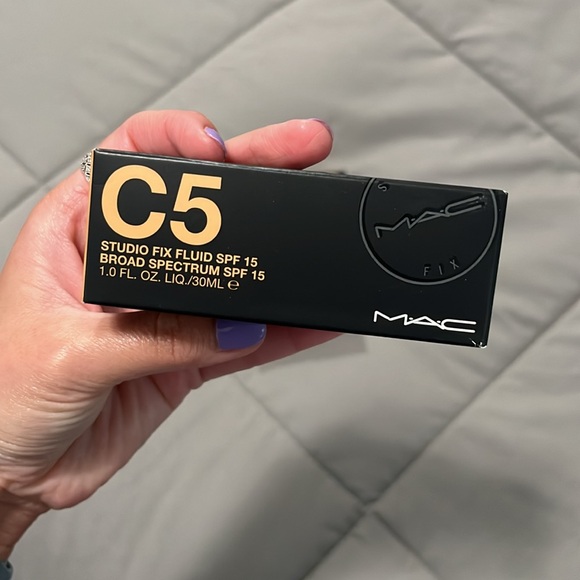 NEW! MAC Studio Fix Liquid Foundation - Picture 3 of 6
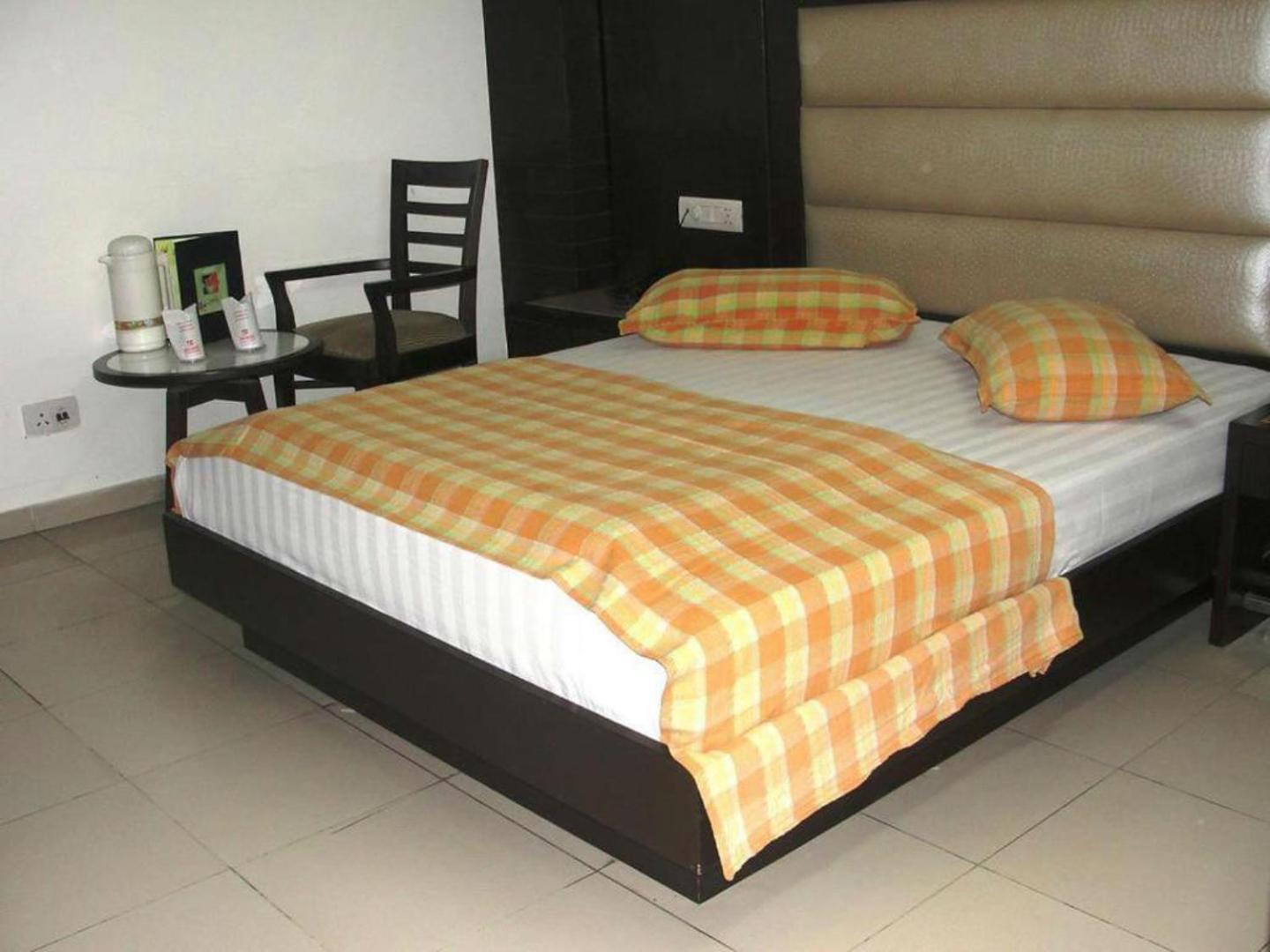 Hotel Chanchal Continental - 02 Mins From New Delhi Railway Station Exterior photo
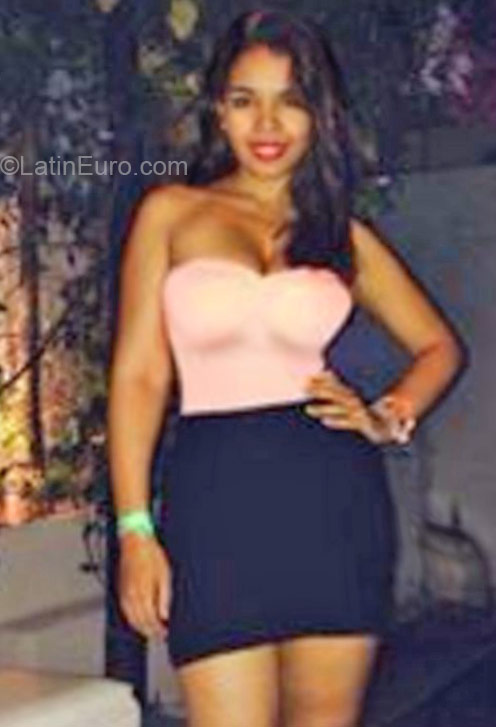 Date this exotic Colombia girl Kittycolombana from Barranquilla CO17151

= = = = = = =

TRY IT ::
Give back the material word for word and drop the pictures it holds.

FINISHED TASK ::
 NEW! MAC Studio Fix Liquid Foundation - Picture 3 of 6
 Hotel Chanchal Continental - 02 Mins From New Delhi Railway Station Exterior photo
 Date this exotic Colombia girl Kittycolombana from Barranquilla CO17151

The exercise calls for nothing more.